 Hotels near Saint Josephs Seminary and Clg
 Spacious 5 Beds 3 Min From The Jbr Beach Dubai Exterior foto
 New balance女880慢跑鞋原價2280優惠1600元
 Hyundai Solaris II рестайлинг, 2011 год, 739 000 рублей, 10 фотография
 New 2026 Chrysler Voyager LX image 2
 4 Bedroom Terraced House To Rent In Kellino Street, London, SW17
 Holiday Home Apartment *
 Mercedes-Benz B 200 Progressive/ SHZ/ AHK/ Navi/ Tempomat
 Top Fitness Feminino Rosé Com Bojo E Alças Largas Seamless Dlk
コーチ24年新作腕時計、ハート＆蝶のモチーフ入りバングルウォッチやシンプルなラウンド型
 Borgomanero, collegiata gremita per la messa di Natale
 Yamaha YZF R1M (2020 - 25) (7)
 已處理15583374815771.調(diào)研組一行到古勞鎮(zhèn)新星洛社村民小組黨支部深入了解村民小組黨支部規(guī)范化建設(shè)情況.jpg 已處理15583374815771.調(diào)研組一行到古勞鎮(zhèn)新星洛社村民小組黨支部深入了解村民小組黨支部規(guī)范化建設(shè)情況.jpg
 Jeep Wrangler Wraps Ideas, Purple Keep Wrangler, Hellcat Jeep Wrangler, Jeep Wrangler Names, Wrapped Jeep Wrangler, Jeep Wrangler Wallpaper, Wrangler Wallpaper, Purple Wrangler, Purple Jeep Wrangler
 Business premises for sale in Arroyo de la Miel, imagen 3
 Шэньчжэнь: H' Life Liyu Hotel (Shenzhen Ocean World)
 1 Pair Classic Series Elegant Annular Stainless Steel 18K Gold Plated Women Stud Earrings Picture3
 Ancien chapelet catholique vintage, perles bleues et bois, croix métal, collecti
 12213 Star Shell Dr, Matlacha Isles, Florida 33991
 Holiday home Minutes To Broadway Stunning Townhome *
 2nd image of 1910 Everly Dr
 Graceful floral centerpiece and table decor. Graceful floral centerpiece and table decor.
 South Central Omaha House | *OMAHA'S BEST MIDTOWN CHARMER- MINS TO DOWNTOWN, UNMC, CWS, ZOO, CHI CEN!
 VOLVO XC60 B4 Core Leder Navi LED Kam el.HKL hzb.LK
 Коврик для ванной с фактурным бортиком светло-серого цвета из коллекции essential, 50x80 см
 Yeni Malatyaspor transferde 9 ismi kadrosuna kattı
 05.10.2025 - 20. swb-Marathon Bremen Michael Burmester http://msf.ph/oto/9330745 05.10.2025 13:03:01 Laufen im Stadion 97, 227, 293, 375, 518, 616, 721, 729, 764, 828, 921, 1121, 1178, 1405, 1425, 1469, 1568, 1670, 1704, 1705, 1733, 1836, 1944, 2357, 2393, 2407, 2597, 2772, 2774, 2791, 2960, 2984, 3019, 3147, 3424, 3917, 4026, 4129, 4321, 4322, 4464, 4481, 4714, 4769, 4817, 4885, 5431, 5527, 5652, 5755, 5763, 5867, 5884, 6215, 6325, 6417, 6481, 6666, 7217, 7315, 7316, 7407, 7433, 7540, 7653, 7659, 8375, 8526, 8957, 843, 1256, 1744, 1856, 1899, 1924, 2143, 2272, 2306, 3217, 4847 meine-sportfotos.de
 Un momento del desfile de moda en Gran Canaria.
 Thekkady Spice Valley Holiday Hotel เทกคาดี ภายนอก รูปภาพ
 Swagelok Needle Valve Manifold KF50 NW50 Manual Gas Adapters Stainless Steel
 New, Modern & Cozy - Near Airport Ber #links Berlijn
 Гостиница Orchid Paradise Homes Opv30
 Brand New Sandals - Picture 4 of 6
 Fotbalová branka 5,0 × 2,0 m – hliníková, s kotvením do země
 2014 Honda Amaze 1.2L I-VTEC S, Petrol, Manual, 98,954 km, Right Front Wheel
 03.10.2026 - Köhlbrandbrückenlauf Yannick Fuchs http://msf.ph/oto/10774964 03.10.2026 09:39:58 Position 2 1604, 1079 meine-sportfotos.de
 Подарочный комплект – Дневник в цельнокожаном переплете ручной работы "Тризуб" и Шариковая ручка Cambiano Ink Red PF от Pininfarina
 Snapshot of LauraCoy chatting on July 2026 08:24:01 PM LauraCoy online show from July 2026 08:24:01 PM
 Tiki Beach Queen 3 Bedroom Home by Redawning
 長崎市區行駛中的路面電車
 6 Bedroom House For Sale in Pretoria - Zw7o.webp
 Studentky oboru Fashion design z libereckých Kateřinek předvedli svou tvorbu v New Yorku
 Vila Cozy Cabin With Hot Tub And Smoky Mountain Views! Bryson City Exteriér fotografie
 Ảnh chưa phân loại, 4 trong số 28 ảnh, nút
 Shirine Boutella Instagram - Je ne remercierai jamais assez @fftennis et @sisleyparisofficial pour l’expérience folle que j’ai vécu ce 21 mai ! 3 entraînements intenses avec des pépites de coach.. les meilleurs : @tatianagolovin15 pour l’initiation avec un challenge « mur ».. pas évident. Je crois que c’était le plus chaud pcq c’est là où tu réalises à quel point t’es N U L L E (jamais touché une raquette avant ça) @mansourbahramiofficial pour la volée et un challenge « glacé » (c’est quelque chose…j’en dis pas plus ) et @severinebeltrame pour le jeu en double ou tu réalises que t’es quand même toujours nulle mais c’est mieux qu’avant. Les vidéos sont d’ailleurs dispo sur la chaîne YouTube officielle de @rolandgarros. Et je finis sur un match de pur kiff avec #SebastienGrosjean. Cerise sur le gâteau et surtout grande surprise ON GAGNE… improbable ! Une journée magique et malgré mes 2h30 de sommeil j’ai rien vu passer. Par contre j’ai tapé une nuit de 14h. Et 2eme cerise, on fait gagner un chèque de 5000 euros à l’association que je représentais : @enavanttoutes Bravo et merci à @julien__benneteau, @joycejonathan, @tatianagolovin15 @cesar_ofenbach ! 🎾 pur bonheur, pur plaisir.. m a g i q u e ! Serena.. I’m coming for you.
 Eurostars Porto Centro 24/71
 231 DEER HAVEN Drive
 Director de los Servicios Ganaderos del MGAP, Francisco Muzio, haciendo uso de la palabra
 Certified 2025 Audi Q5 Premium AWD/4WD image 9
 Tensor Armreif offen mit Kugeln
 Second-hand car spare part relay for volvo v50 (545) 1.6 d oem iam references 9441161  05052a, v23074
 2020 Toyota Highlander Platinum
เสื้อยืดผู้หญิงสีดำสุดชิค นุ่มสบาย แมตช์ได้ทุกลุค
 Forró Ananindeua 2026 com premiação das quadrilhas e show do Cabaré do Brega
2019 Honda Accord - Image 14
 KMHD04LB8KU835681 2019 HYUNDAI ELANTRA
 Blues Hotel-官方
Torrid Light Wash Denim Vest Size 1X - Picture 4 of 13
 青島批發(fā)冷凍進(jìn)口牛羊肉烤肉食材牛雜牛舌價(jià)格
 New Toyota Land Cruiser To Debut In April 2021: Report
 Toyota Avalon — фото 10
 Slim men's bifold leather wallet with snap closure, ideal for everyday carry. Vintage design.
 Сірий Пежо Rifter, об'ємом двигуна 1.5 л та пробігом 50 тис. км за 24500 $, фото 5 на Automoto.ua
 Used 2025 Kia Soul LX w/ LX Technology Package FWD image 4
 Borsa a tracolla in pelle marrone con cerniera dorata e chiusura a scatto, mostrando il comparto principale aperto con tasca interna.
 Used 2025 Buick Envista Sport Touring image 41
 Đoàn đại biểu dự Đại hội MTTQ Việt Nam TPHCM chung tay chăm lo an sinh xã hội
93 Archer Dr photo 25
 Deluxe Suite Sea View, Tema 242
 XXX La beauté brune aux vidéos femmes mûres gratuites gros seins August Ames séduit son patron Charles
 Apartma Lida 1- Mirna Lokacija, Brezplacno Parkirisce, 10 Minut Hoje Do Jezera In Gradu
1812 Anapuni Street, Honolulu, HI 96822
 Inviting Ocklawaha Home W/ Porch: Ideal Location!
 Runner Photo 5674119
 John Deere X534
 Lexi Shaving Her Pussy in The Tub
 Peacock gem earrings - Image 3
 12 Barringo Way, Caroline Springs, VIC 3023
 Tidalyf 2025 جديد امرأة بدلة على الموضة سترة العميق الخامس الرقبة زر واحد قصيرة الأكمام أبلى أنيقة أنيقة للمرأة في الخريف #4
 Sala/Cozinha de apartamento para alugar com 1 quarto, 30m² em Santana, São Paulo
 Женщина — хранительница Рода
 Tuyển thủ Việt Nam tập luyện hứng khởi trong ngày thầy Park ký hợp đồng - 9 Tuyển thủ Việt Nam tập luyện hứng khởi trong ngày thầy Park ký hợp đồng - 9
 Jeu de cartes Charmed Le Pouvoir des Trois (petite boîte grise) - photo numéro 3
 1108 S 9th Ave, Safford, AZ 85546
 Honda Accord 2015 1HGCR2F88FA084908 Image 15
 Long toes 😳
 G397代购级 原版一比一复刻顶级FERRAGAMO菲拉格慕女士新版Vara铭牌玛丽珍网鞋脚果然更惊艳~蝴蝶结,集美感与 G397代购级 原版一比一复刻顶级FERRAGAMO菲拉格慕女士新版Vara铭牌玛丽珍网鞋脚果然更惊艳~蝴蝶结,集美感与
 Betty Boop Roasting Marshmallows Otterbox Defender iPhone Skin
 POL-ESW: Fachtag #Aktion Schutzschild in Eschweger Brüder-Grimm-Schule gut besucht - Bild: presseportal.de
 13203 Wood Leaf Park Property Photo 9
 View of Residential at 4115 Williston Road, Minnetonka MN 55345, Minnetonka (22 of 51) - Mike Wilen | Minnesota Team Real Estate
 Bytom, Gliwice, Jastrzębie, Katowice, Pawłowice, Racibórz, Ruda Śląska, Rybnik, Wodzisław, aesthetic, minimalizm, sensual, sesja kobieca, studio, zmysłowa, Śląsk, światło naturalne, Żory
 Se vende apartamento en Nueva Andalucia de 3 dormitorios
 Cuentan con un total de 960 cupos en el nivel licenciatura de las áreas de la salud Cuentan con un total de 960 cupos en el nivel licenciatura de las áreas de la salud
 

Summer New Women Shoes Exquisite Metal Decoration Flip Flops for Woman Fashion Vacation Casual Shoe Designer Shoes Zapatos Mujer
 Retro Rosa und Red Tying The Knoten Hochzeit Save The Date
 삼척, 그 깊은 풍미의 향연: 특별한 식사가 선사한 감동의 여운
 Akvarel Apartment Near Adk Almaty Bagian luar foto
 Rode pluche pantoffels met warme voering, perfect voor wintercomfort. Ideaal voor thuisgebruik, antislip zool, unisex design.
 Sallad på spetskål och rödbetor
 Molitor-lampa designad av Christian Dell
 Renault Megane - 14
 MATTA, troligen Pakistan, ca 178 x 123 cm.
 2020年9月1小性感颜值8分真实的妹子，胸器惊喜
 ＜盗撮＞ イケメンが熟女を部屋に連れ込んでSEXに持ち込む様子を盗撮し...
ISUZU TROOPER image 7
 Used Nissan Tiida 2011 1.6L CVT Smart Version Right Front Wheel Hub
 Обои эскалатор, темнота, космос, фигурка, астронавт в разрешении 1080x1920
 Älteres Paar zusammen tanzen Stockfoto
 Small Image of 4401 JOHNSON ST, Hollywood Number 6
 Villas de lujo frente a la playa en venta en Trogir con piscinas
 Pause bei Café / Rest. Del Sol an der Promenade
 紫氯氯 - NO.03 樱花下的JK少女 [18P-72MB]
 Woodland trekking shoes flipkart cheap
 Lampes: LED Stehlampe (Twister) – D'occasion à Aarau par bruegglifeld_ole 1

──────────────────────────────

▶ _WHAT IS BEING ASKED_
State how many lines of the data above contain the word "Apartment", and include nothing other than that number.

▶ _ANSWER TO THE PROBLEM_
2